Никогда я не видела моря… Иван Айвазовский. Закат на море. 1856. Национальная галерея Республики Коми
«Иногда я вижу, как от страха/ прыгает и мельтешит строка/ в желтой выцветающей рубахе,/ и кусает кончик языка./ Местная безумица в припадке/ бьется в белом облаке листов/ и смеется. Нашатырь на ватке./ Доктор, доктор, не хватает слов!..» Это отрывок из одного из ранних стихотворений Марии Марковой.Увидеть в недающейся строке нервную барышню, и так обаятельно об этом сказать – да кто ж кроме поэта это может! Удастся – не удастся найти заветное слово? Выйдет – не выйдет слить со строчкой душу? Молодое волнение так естественно... Пускай, пускай переживает – это так ей идет!

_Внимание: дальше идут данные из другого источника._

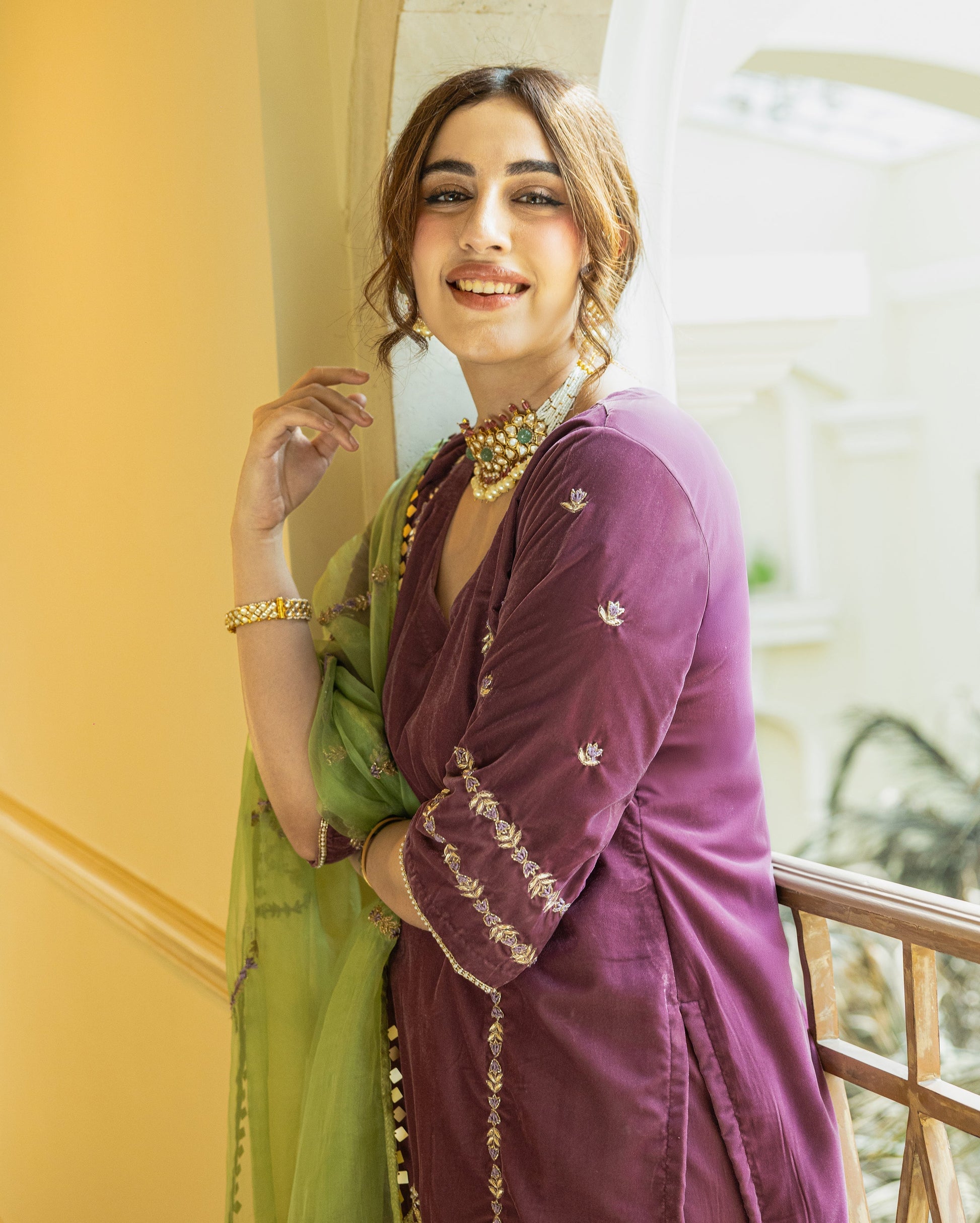 Kainat Mauve Embroidered Velvet Suit Set My Store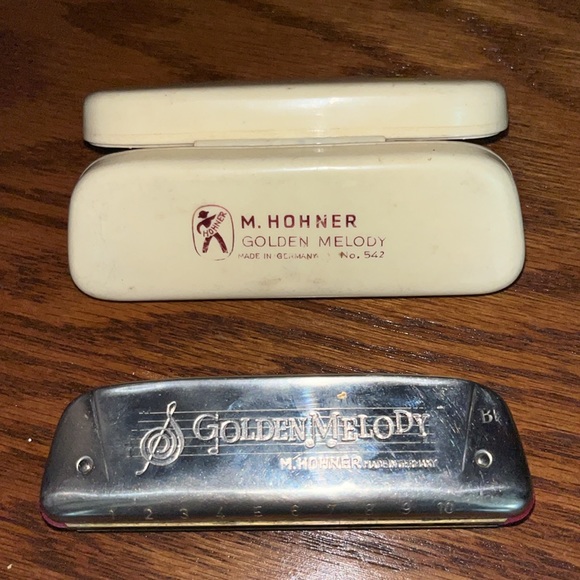 M. HOHNER GOLDEN MELODY KEY OF B 50'S RETRO DIATONIC HARMONICA No.542 Germany - Picture 3 of 4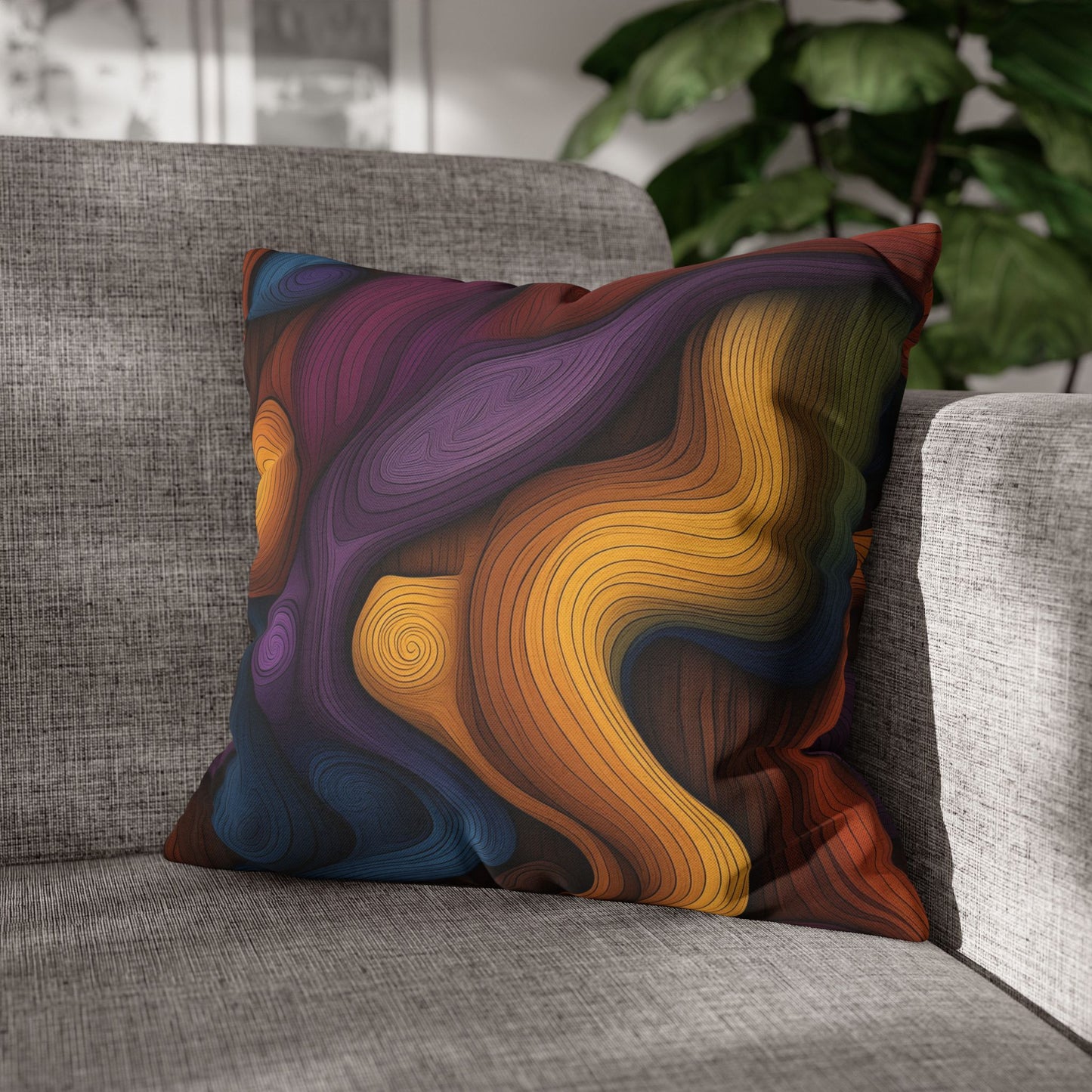 Organic Waves- Square Polyester Pillowcase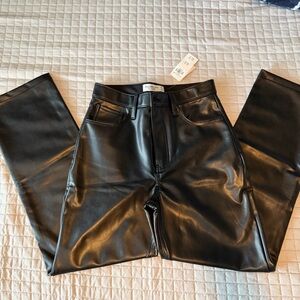 Abercrombie & Fitch “The 90s Straight” Black Faux Leather Pants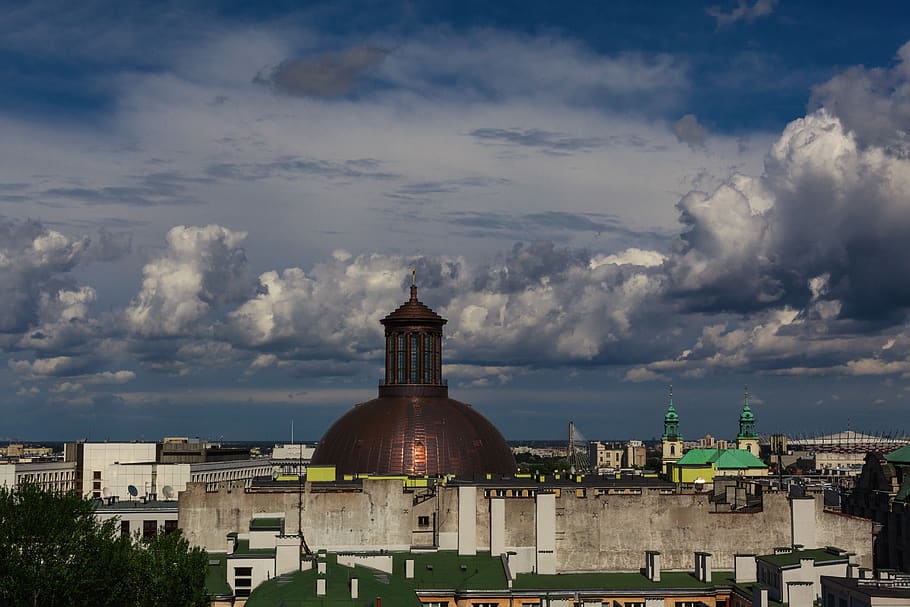 poland, warsaw, summer, sky, architecture, cloud, clouds, urban HD wallpaper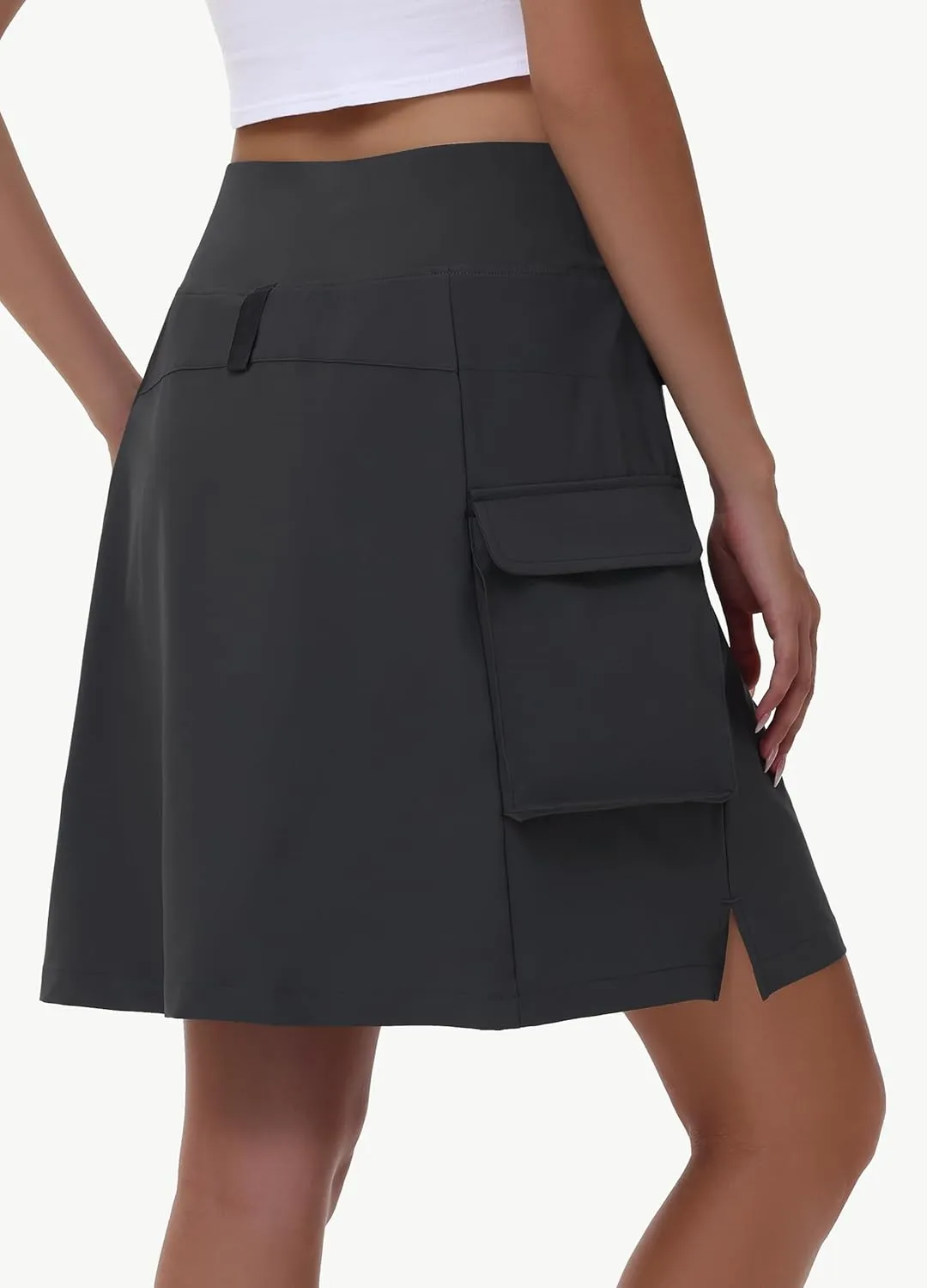 Women's 16" 20" Hiking Cargo Skort Skirt - High Waisted Golf Dressy Casual Workout Sport Skirt with Liner Quick Dry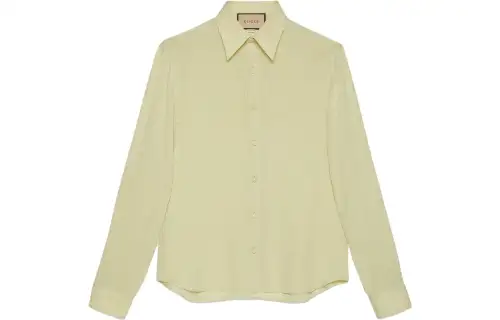 GUCCI Shirts Men's Light Green Lapel Moderate Other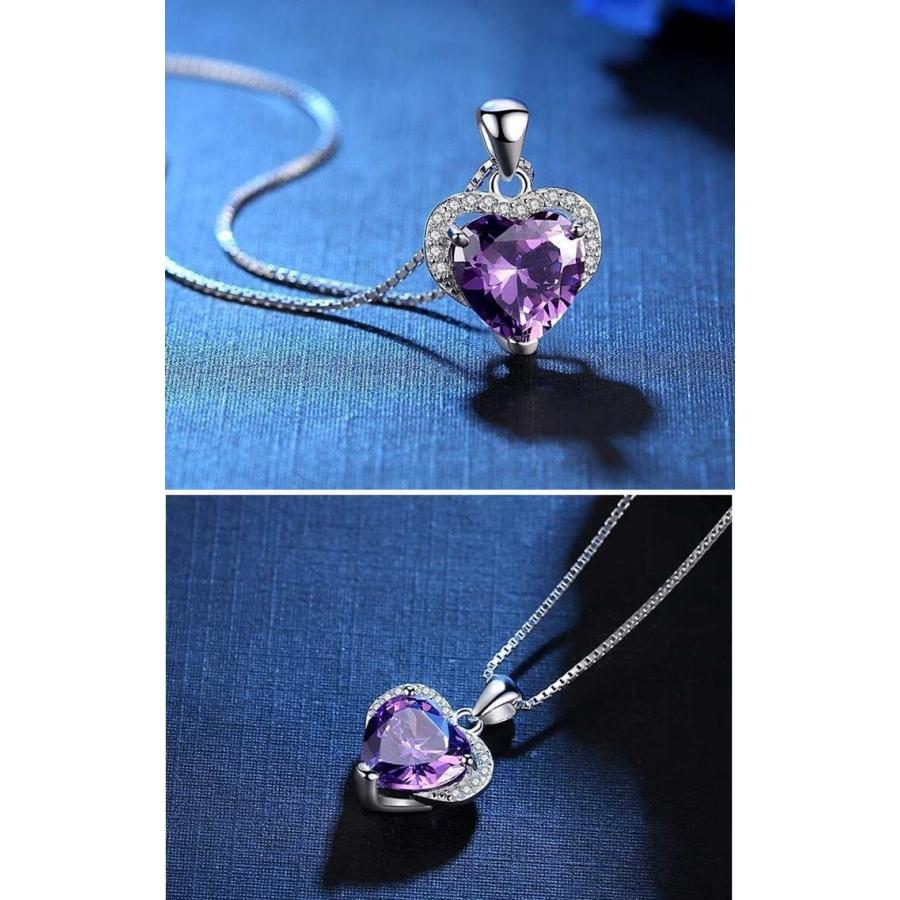 ネックレス ハート アメジスト パープル 大粒キュービックジルコニア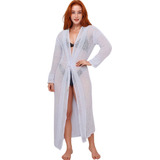 Saída De Praia Malu Banho Longa Manga Longa Tricot Kimono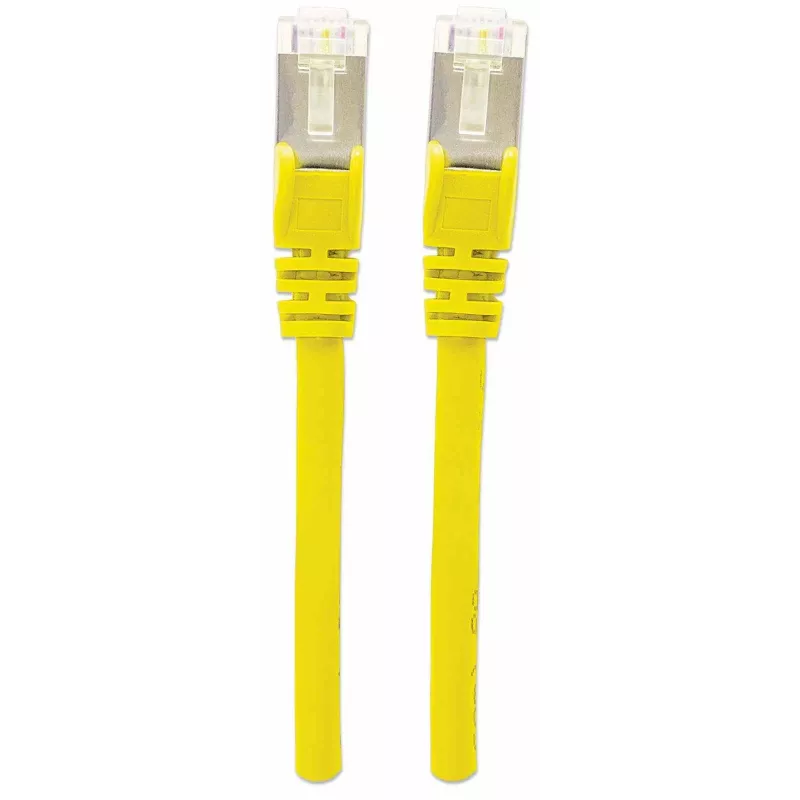 Cable de red patch Intellinet, cable Cat7/conector Cat6A, 5 m, amarillo, cobre, S/FTP, LSOH/LSZH, PVC, RJ45, contactos bañados en oro, sin lengüeta, con funda antirrotura, garantía de por vida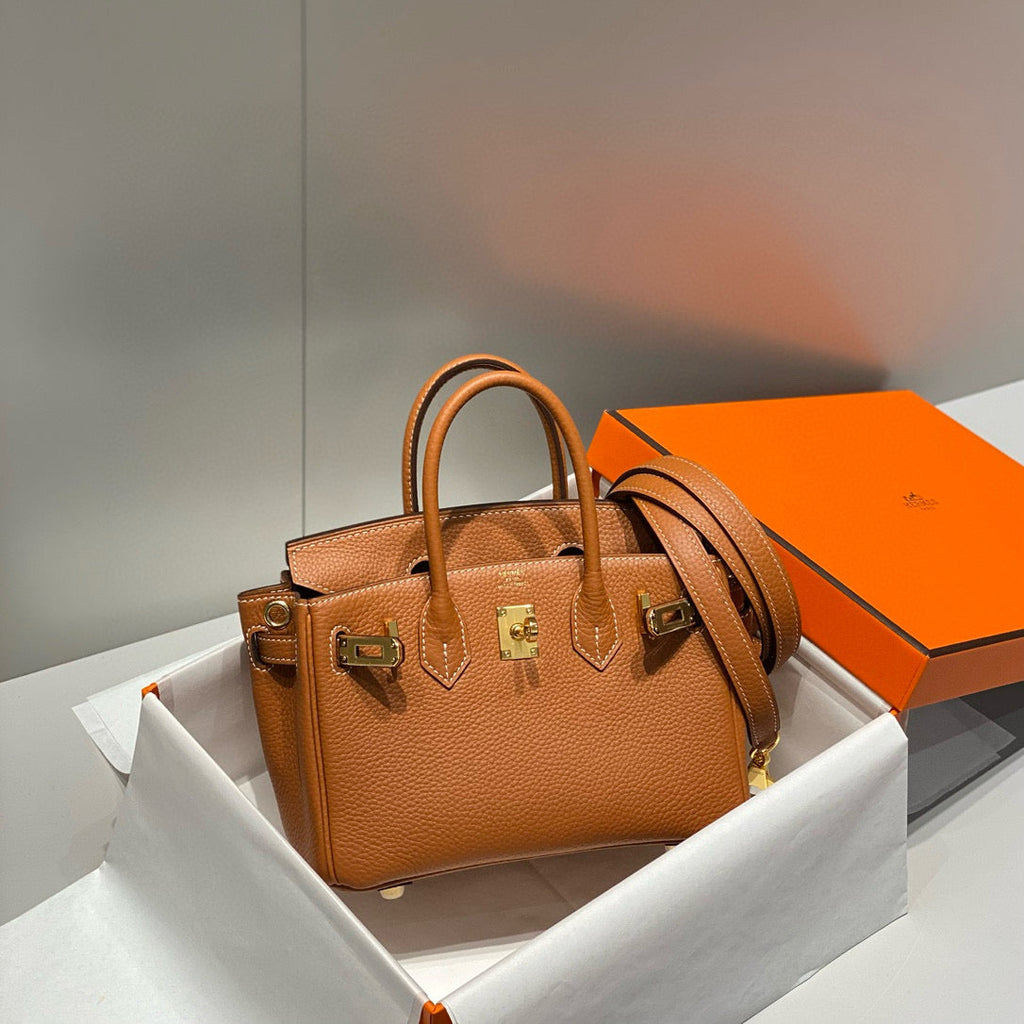 HM BIRKIN 20CM BAG BROWN TOGO LEATHER GOLD HARDWARE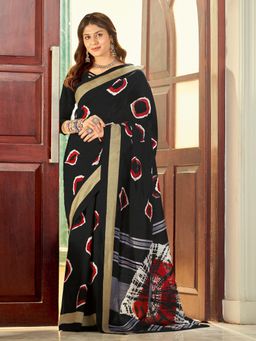 Akhilam - Womens Bhagalpuri Silk Black Printed Designer Saree with Unstitched Blouse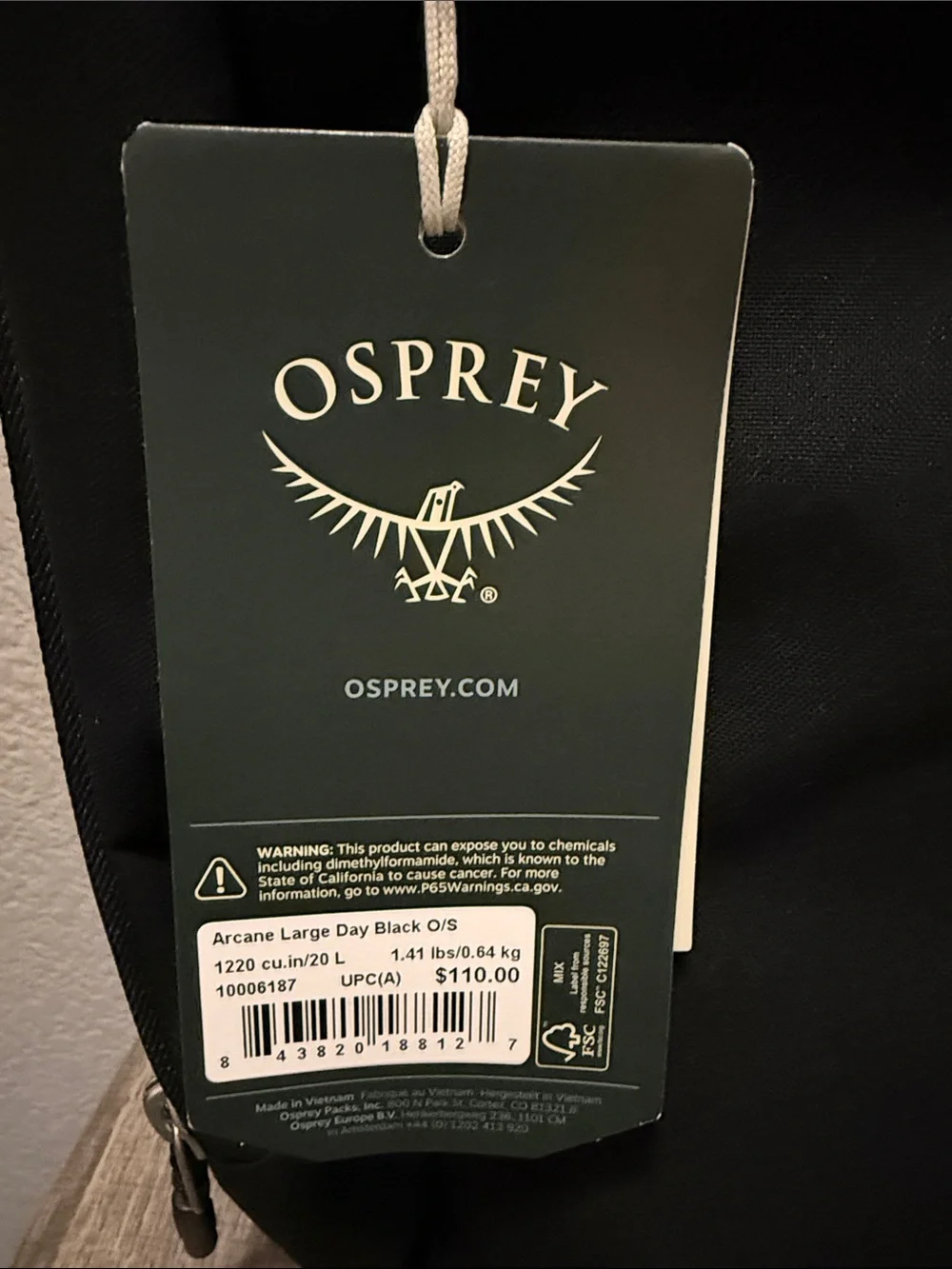 Osprey Arcane Large 20 L Daypack Backpack (Unisex) Brand New with tags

Это потом уж любому станет очевидно: она умеет говорить стихами. Это потом уж у каждого, прикоснувшегося к ее строкам, будет ощущение: чуть ли не с самого рожденья дано ей, как птице, легко и свободно парить там – в почти недостижимых для смертного поэтических высях... Ну не любому, ну не каждому (это я преувеличил, конечно), но хотя бы кому-то понимающему.
Это потом уж кому-то, взявшемуся говорить о ее стихах, станет понятно, как это трудно. Это потом уж будет он, перебрав сначала сравнительные, затем превосходные степени прилагательных, вздыхать: «Доктор, доктор – нашатырь на ватке. Доктор, доктор, не хватает слов!..»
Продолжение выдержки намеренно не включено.